Dehors, les oiseaux chantaient timidement. Emi n’avait jamais appris à reconnaitre le piaillement spécifique de chaque espèce et, bien qu’elle aurait aimé se vanter de pouvoir le faire, elle n’en avait nullement l’envie. Il commençait tout juste à y avoir quelques papillons et abeilles qui batifolaient parmi les pâquerettes sur les rares bandes de verdures du parking en contrebas.

Il faisait beau. Certes, de gros nuages gris arrivaient, menaçant de déverser des trombes d'eau à tout moment et la température devait à peine frôler les vingt degrés, mais pour Emilia Rose, le temps était idéal. Elle récupéra son breuvage lorsque la machine eut fini son vacarme, se déplaçant jusqu’à une table où une place lui semblait réservée, puisqu’un jeune homme lui fit un grand signe lorsqu’elle croisa son regard. Ses yeux néanmoins guettaient toujours avec impatience l’arrivée des premières gouttes de pluie.

Emi avait retiré et posé sur le dossier d’une chaise sa blouse blanche, qui contrastait avec sa peau ébène. "Café au lait", comme aimait commenter William, l’un de ses proches collègues et ami de longue date, avec une pointe de gêne dans la voix, ce que Emi trouvait puéril, et ne manquait pas de lui faire remarquer. Elle prit place, écarta une mèche de cheveux noirs de son visage et bu une gorgée de thé vert, sans détacher son regard de la fenêtre.

" - Tu bosses sur quoi en ce moment, Emi ? "

L'interpellée manqua de s'étrangler. Après s'être éclairci la voix et réarrangé une fois de plus sa tignasse, elle répondit :

" - C'pas tes oignons. "

Oscar Wogens', en face d'elle, sembla déçu et fit mine de bouder, ce qui fit sourire Emi. Elle aimait bien taquiner l’agent de sécurité. Il était bien plus jeune qu’elle et avait débarqué sur le site quelques mois après elle ce qui, pour une fois, lui donnait l’impression d’être plus expérimentée que quelqu’un. Oscar passa sa main dans ses cheveux noir jais, qui reprirent leurs formes de vaguelettes initiales, comme par magie. Enfin… "Par magie"… Ce n’est jamais un terme bien approprié. Il y avait simplement une raison, une explication, encore inconnue, qui ne tarderait à être découverte, et ne serait alors plus aucunement anormale.

" - Tu pensais sérieusement que j’allais beugler haut et fort à un petit agent, tout fraîchement arrivé, des informations top secrètes. Qui plus est dans une salle bondée de monde ? "

La salle n’était en vérité absolument pas bondée. Les chercheurs devant la fenêtre s’en étaient même allés au moment où Emi finissait sa phrase, et il ne restait plus qu’eux, ainsi que les deux protagonistes de la mystérieuse série qu’Emi s’était imaginée. Oscar lui lança un drôle de regard. De toute évidence, cette plaisanterie de mauvais goût ne le faisait absolument pas rire.
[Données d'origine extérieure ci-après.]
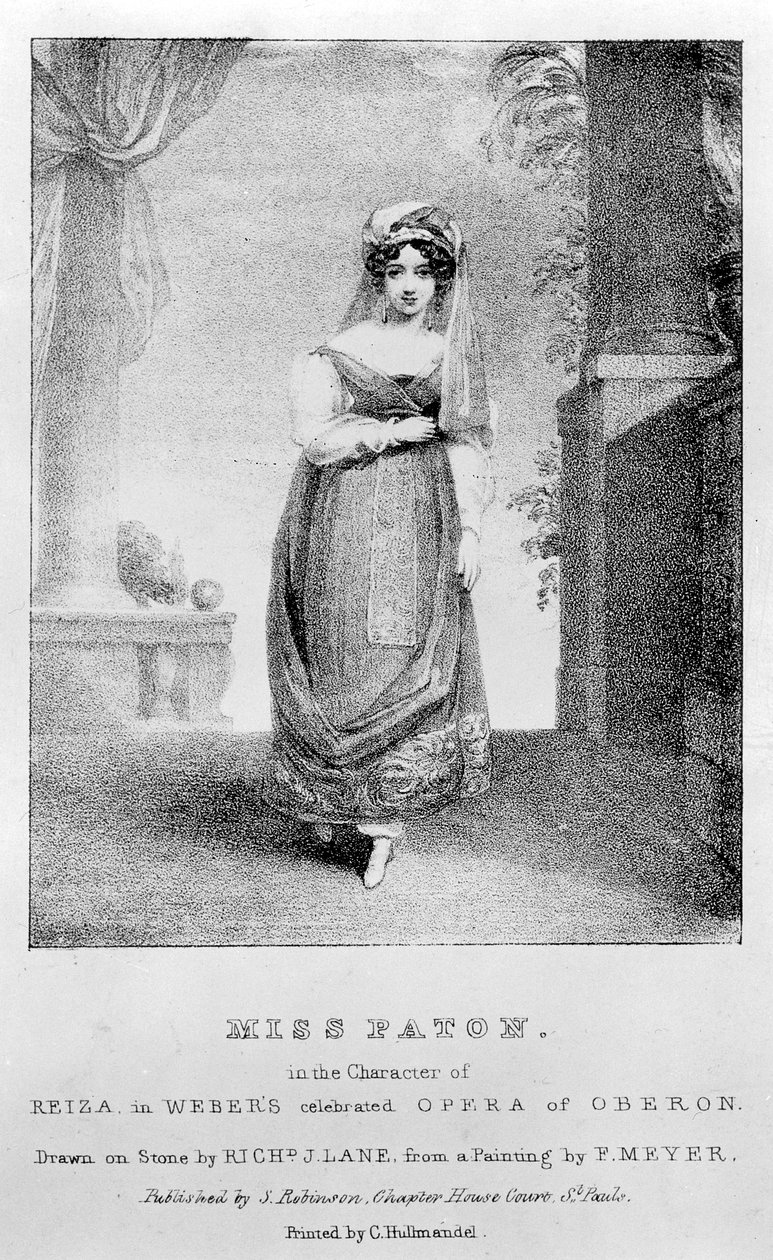 Mary Ann Paton饰演Weber&39;&39;Oberon&39;中的Reiza，由Richard James Lane编写，c.1826 作者 弗雷德里克·迈耶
" - Mais nan, ricana doucement la femme en se renversant sur sa chaise, un petit sourire bêta sur le visage. On travaille actuellement sur une petite disquette toute mimi. Complètement inoffensif, le machin. On devrait en permettre l’accès au reste du personnel… « Dans la limite du raisonnable », bien sûr…"
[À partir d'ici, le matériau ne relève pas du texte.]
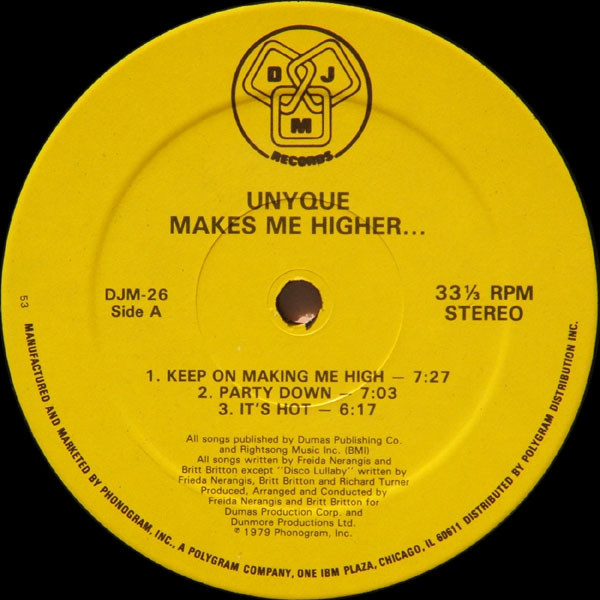 Unyque - Makes Me Higher... | DJM Records (DJM-26) - 3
Oscar se pencha en avant, appuyant son menton sur le dos de sa main. Il afficha un sourire malicieux :

" - Dis m’en plus ! C’est juste un objet anormal, de toute façon. J’en suis sûr !
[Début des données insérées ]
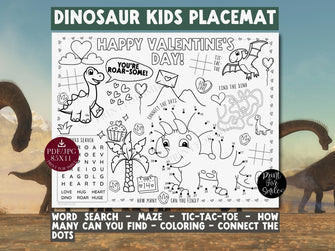 Dinosaur Valentines Day Placemat PRINTABLE For Kids Dino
- Et sur quoi d’autre voudrais-tu qu’ils me laissent travailler pour le moment ? ricana Emi. Nan, j’ai presque six ans d’expérience dans le domaine, mais je reste un bébé. "

Oscar pouffa également de rire, cachant sa bouche avec sa main, comme par pudeur. Ce fut un rire bref, certes, mais un vrai rire. Il fallait un peu détendre l’atmosphère dans ce genre de métier, se disait Emi.

" - On peut parler de choses "normales" ? lâcha subitement William d'un ton désinvolte, ce qui mit un terme aux piaillements des deux camarades. "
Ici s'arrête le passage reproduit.